Creighton isn’t second guessing that decision, nor her support for Kasich. It’s all part of her passion since the 70s, politics.
“And after I was bitten, it’s never changed. It has just been my life blood.”
A different candidate, differentconvention
She says this convention will differ from the four others that she’s attended as a delegate, alternate, whip and member of a platform committee.
“I look at this one to be a little bit different because of the candidate.
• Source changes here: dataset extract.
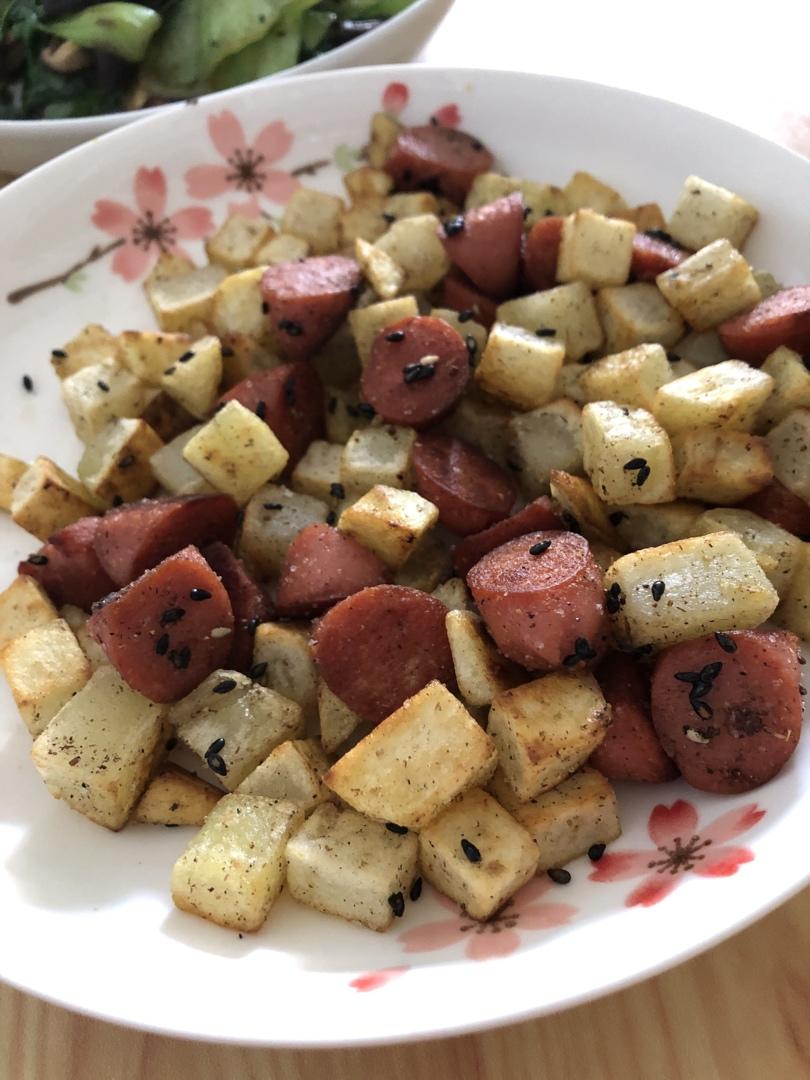 孜然火腿土豆丁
Let me preface this by saying I am still a Kasich delegate, I am still true to John Kasich, I want John Kasich to be the president … but I’m also a realist in this game of politics and there’s probably a very slim chance that that’s going to happen.”
Creighton attended the first GOP debate in Cleveland last August and saw nothing that told her Donald Trump would be the nominee.
“If you would have asked me to put money down, I never would have picked ‘Donald Trump.’”
But early on, she said, she saw him deflect what would have sunk other candidates. “He has said things and had political gaffes that would have burned anyone else ... I’ve been in politics for 35 years, I’ve run for office 20 times including primaries. I understand that things can trip you up and I really believed that after he said some of the things that he did, it would have really bitten him.”
But repeatedly, she says, she’s heard people embrace Trump as someone saying what they feel, “what they say in their living rooms.” And that focuses on frustration with government inaction over the last eight years.
A mantra ofchange
“They’re tired of the establishment,” says Creighton, who acknowledges she’s part of that establishment. But “I think that they’re frustrated with leadership from everybody in Washington. Having worked in Washington for a year, I understand that there is a different attitude and mindset. They forget about the guy on Prospect Avenue in Canton. They forget about the guy who lives out in the country. And people are frustrated. They get so darned ticked off, they want to try something new.”
She acknowledges that the packaging of politicians by consultants and insiders may be part of the problem. “I want to believe that we don’t lie about our opinion. But we’re very careful about how we craft our answers. There are sometimes I’d really like to tell you to go to hell. But to stand up and say that, that’s pretty dramatic for someone with the microphone of with the bully pulpit.
“As we’ve seen with Donald Trump, he’s not afraid to say that.
As a Republican woman, she says she’s sometimes troubled by what Trump says. “I’ve thought, ‘Why did you say that, Donald? Why would you say it like that?’ But this whole issue is not about women’s issues. It’s about the future of this country.”
Creighton says for her, voting for Hillary Clinton is not a possibility. As for the rest of the long-time GOP establishment: “I think the establishment’s going to struggle. But I think if you are a standard bearer, if you are a donor or a supporter of the Republican principle or the Democratic principle, you’re going to stay with your party line."
Creighton says efforts by some delegates to dump Donald Trump at the convention are likely to go nowhere and predicts most will support him even if it means “holding their nose.”